_WHAT THE TASK REQUIRES_. Write out only the lines from the top of the listing below through the one with "The 2015 Ford", exactly as they stand, while keeping pictures out of the copy.

_AVAILABLE DATA_.
======
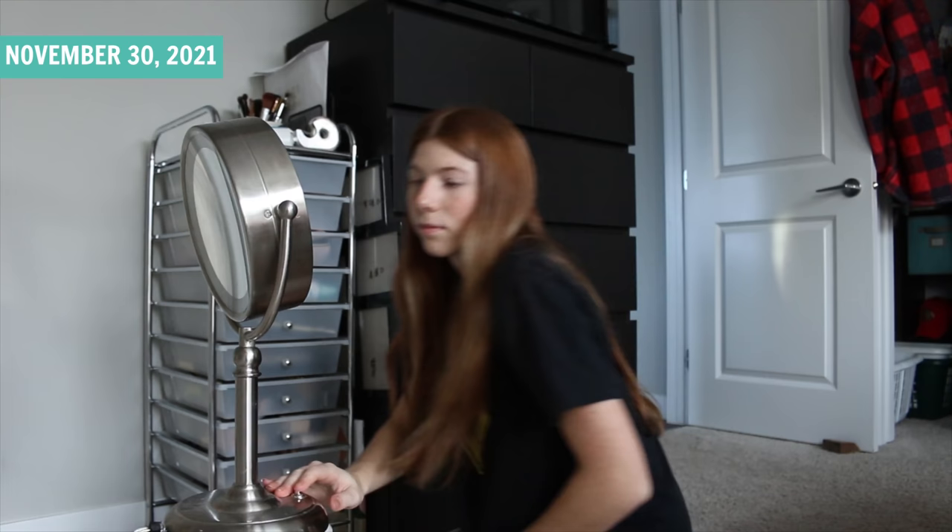It is November 30th, 9:43am and I'm finally getting around to filming this video. I have to do my makeup first. Ignore the fact that I just put my mirror on top of my air purifier — that's how I do my makeup. I don't have a fancy desk setup.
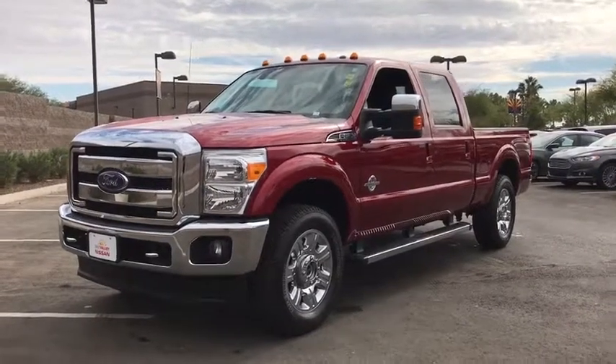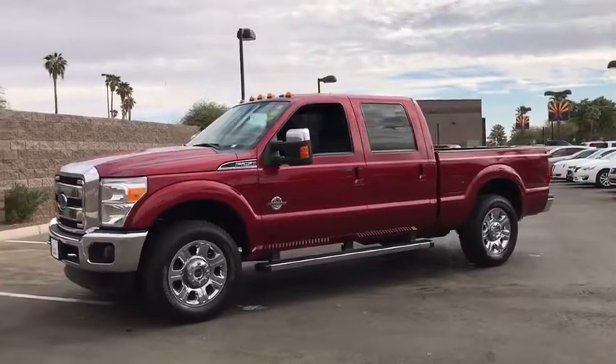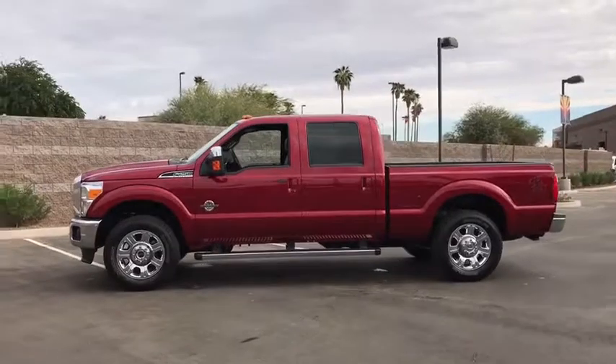The 2015 Ford F-250 Super Duty. Head-to-head fuel efficiency, head-to-head towing, head-to-head torque. Ford F-250 Super Duty.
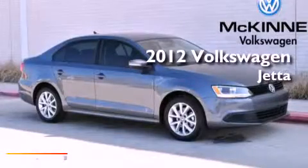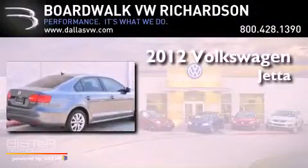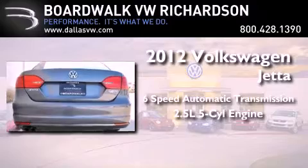This is a brand-new 2012 Volkswagen Jetta. This vehicle has seating for five adults and a 2.5-liter inline five-cylinder engine.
======
_RESULT OF THE EXERCISE_.
It is November 30th, 9:43am and I'm finally getting around to filming this video. I have to do my makeup first. Ignore the fact that I just put my mirror on top of my air purifier — that's how I do my makeup. I don't have a fancy desk setup.
The 2015 Ford F-250 Super Duty. Head-to-head fuel efficiency, head-to-head towing, head-to-head torque. Ford F-250 Super Duty.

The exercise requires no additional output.